Je m’ennuie du nationalisme de la fin des années soixante. Le mouvement indépendantiste était en pleine effervescence avec mon idole de toujours, René Lévesque, qui nous promettait un pays et de réaliser le rêve de Jean Lesage en quelque sorte; « Maître chez-nous ».

Cinquante années plus tard c’est triste de constater comme les temps ont changé. Le référendum de 1995, perdu par la peau des fesses, a sonné le glas dans la population. Il aura eu l’effet d’un violent coup de massue qui sonnait le réveil des fédéralistes, décidés par tous les moyens, a enterré définitivement le mouvement souverainiste. On connaît la suite. Le mouvement s’effrite et au lieu de s’unir, on continue de se diviser.

Mardi dernier, Josée Legault en a fait le sujet de sa chronique dans le Journal de Montréal, qui me rejoint et que je partage avec vous. Elle fait une énumération très juste des cinquante dernières années de l’action politique au Québec. Et c’est la triste réalité…

UNE NATION EN DÉSARROI

1968 – l’année de tous les possibles. Ici, et partout en occident. Au Québec, un nationalisme nouveau prend un air festif et espérant. Les artistes sont à l’avant-garde d’une société en devenir qui se modernise rapidement. Les intellectuels foisonnent d’idées audacieuses. On découvre le monde et le monde nous découvre.

La justice sociale devient une valeur collective. On lutte pour que le français s’installe enfin comme le socle principal d’un peuple de plus en plus diversifié. À l’automne, la fondation du Parti québécois fait rêver d’un Québec pays. Chez les fédéralistes québécois, le nationalisme est l’objet de fierté et de revendications.

2018 – 50 ans à peine plus tard, on a beau se faire optimiste pour la galerie, il n’en reste pas moins que cette nation en construction prometteuse patauge depuis des années dans un désarroi dont elle refuse de prendre la pleine mesure.

POINT DE BASCULE

Sur presque tous les plans, le descriptif de 1968 est aujourd’hui renversé. Lorsqu’au sein du seul État francophone d’Amérique, la congestion automobile et le débat sur le hijab occupent autant l’espace politique, c’est que l’âme de ce peuple s’est réfugiée dans le vide occupationnel.

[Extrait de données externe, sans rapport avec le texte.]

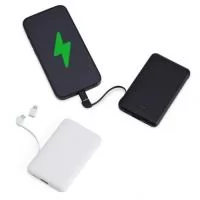 Power bank plástico de 5.000mAh com indicadores led de bateria e cabos acoplados: Tipo-C e V8. Acompanha cabo USB V8 e adaptador Lightning.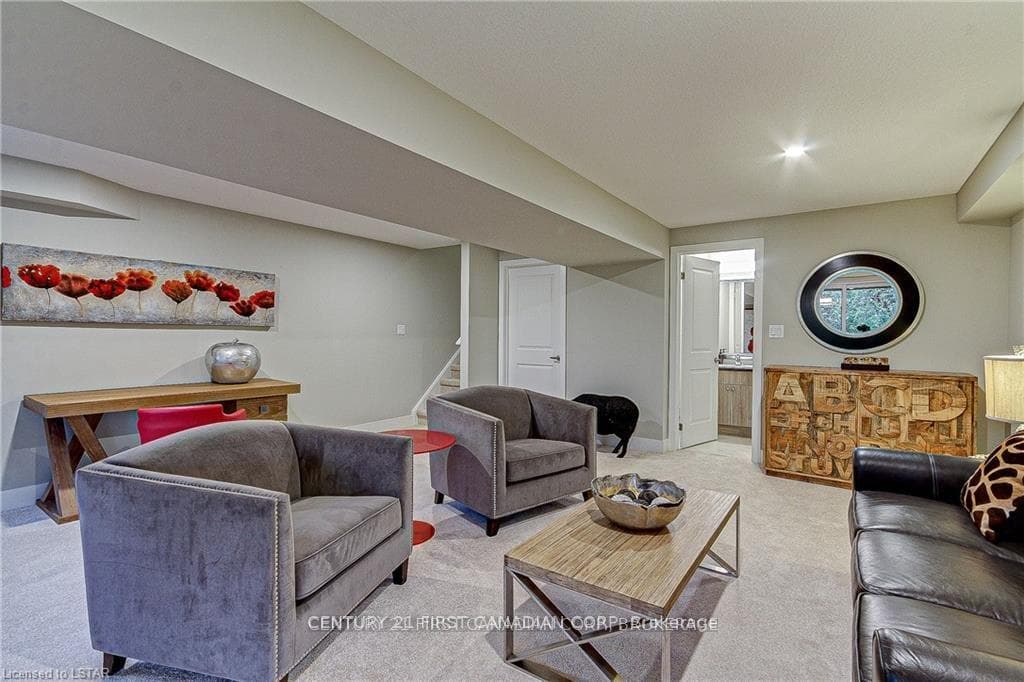 177 Edgevalley Road Unit 88 photo 27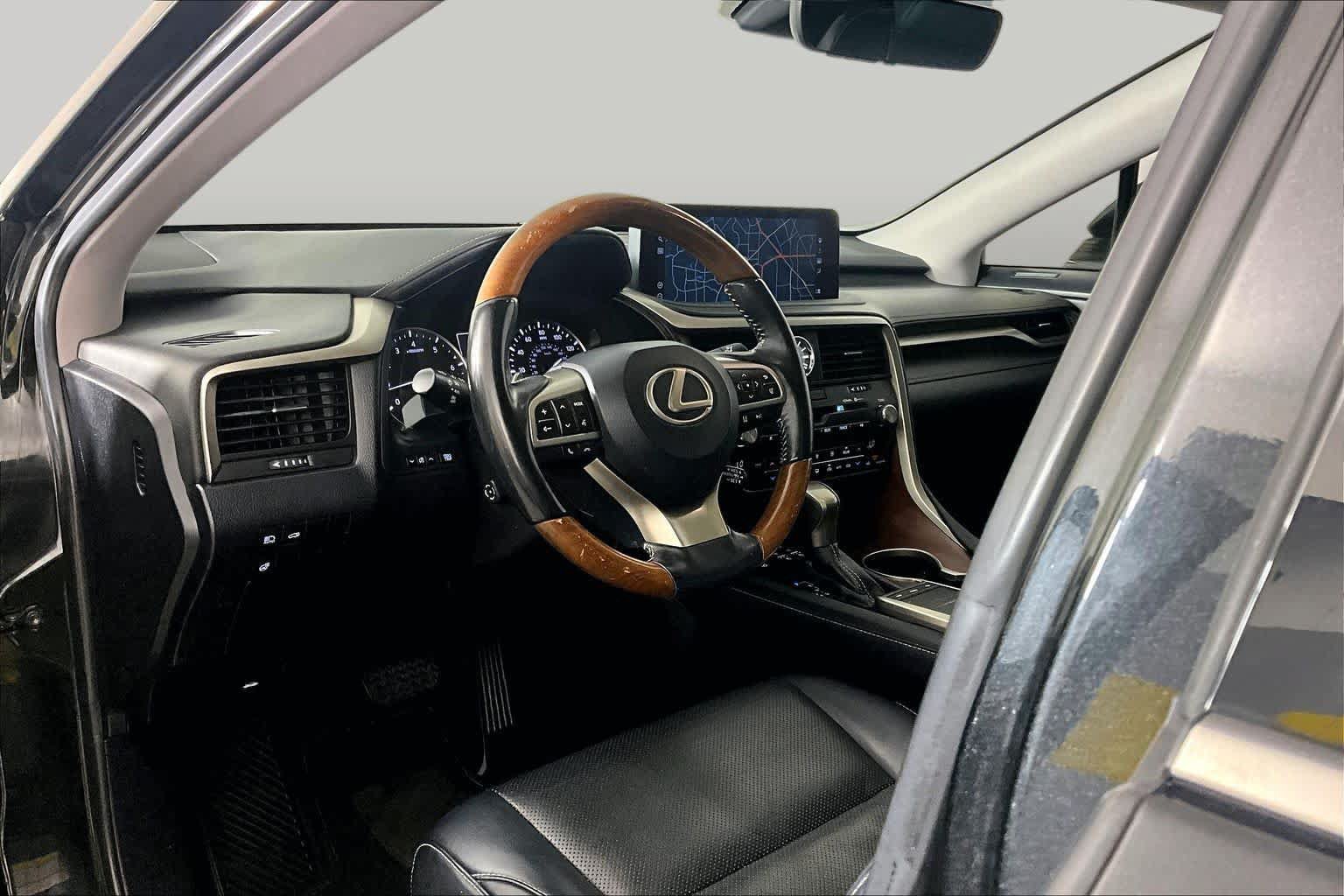 Used 2020 Lexus RX 350L FWD w/ Premium Package image 16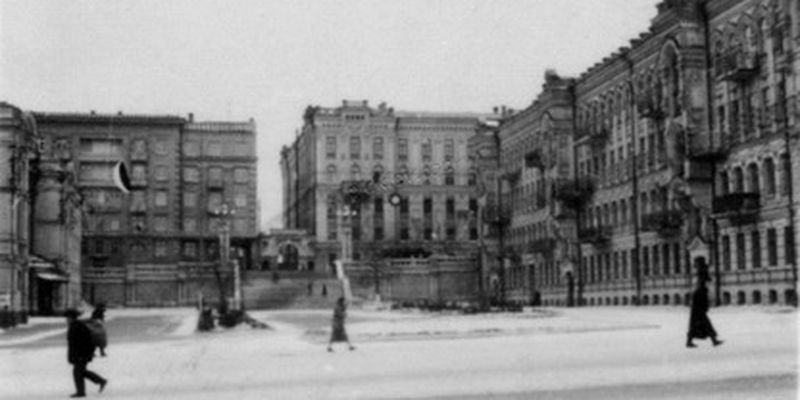 Как выглядела Театральная площадь в Киеве в 1943 году: архивное фото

Quel fut le point de bascule? Le référendum de 1995 et ses tristes suites. Après la quasi-victoire du Oui, les élites politiques du Québec, tous partis confondus, souverainistes et fédéralistes, se sont mises en mode déni.

La chasse obsessionnelle au déficit zéro a pris des dimensions quasi religieuses. La corruption s’est remise de la partie. On décapite les services sociaux pour mieux gaver les médecins spécialistes. À nos risques et périls, on néglige même l’école publique.

Sans broncher, Philippe Couillard se permet de traîner ses adversaires dans la boue gluante d’une « xénophobie » imaginaire. Du jamais vu pour un premier ministre du Québec. Quant aux rêves d’un pays pour les uns et d’une province autonome pour les autres, ils volent en éclats sans faire de bruits.

SURSAUT?

Sous Martine Ouellet, la pénible agonie du Bloc québécois depuis la vague orange de 2011 se poursuit. Au PQ, depuis le dernier référendum, le vaisseau amiral prend l’eau. Comme le rappelait souvent Jacques Parizeau, sans le ciment de son projet politique, la famille souverainiste est condamnée à se disloquer. La CAQ rêvant du moment où elle pourrait enfin remplacer le PQ comme alternative aux libéraux.

Pendant ce temps, marcher dans le centre-ville de Montréal, c’est se soumettre au son écorchant d’un franglais informe et inculte. « Bonjour! Hi! » n’est qu’un symptôme parmi d’autres d’une langue nationale esseulée.

Cette vision des choses, certains la trouveront déconnectée ou inutilement pessimiste. Elle est pourtant factuelle. Et l’avenir? Heureusement, il recommence chaque matin…

Malgré la déroute ambiante, qui sait en effet ce qui pourrait naître ou renaître après le scrutin du 1er octobre. Y aura-t-il ou non une prise de conscience essentielle pour retrouver notre chemin perdu? Ne reste plus qu’à l’espérer et, surtout, à y travailler très fort.